§ **The problem**:
Below are the records; print exactly the lines from the one with "Tabby Cat Serenity" through the last, both included, and leave the pictures out.

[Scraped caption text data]

===============

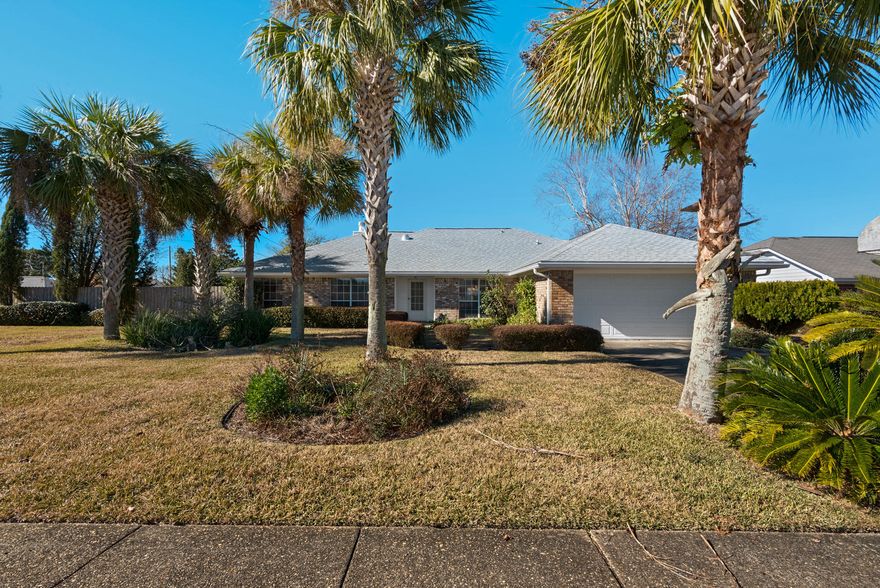 Wet your appetite for this beautiful corner lot, pool home! This home is a natural inside & out with its split floor plan & fantastic outdoor areas covered with natural beauty from some of rich traditions of Florida-Palm Trees! Entertain in the large living space of the centrally heated and cooled Florida room by the pool! Sun/Sombreros suggested for this incredible Southern Florida designed room! Behind the comforting traditional kitchen you will find a modern cooking machine. There are plenty of no non-sense bedrooms with plenty of space for sleep, storage or play. The 4th room can be utilized for the work from home professional or easily turned into a room for growing! End morning conflicts & provide convenience for guest in this home with 2 ample baths. Pssst...This is not a Drive-by!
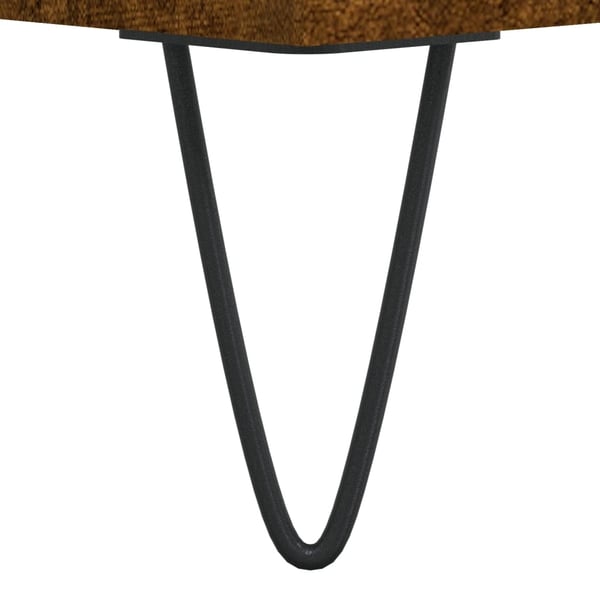 vidaXL Highboard røkt eik 60x36x110 cm konstruert tre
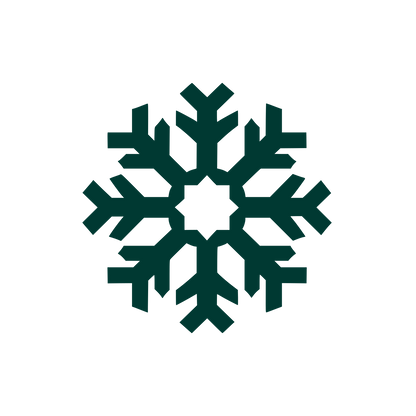 Snowflake Logo Design #003932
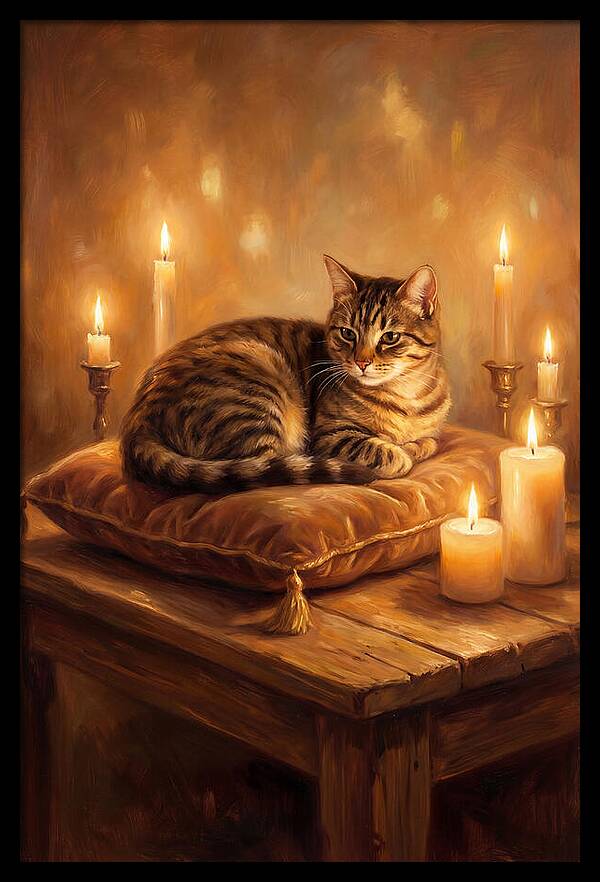 Tabby Cat Serenity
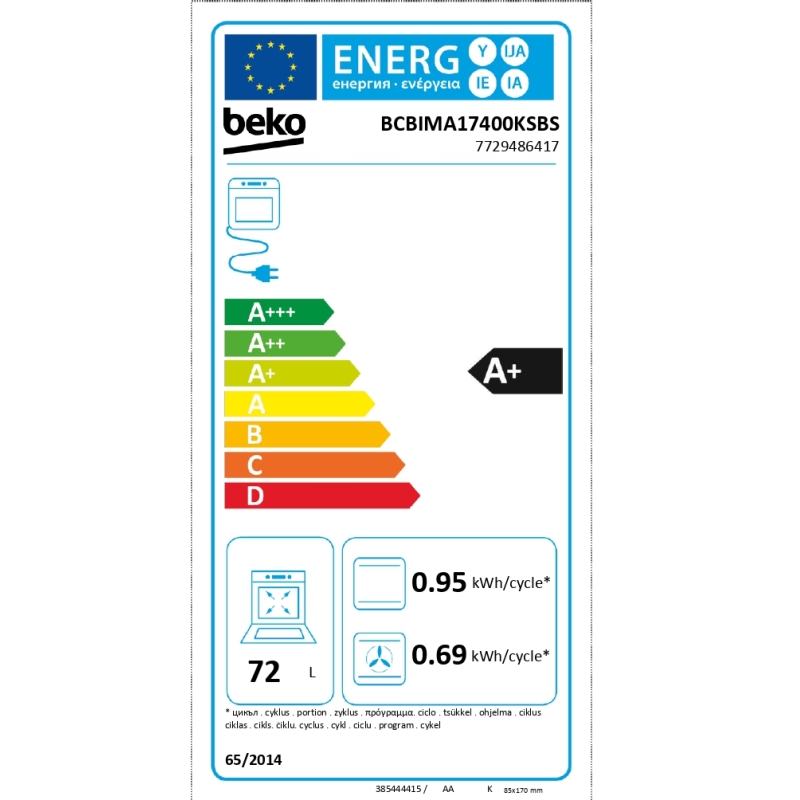 Integreeritav ahi Beko BCBIMA17400KSBS - Image 6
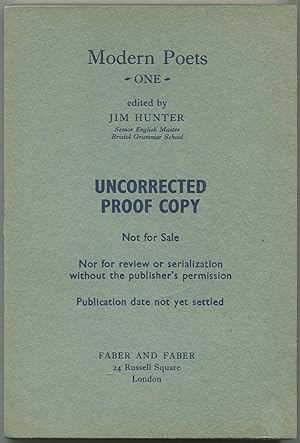 Bild des Verkufers fr Modern Poets One zum Verkauf von Between the Covers-Rare Books, Inc. ABAA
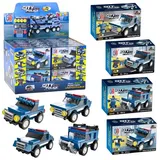 Wisam Polizei Fahrzeuge Bausteine Set 128-tlg.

===============

§ **Your solution**:
 Tabby Cat Serenity
 Integreeritav ahi Beko BCBIMA17400KSBS - Image 6
 Bild des Verkufers fr Modern Poets One zum Verkauf von Between the Covers-Rare Books, Inc. ABAA
 Wisam Polizei Fahrzeuge Bausteine Set 128-tlg.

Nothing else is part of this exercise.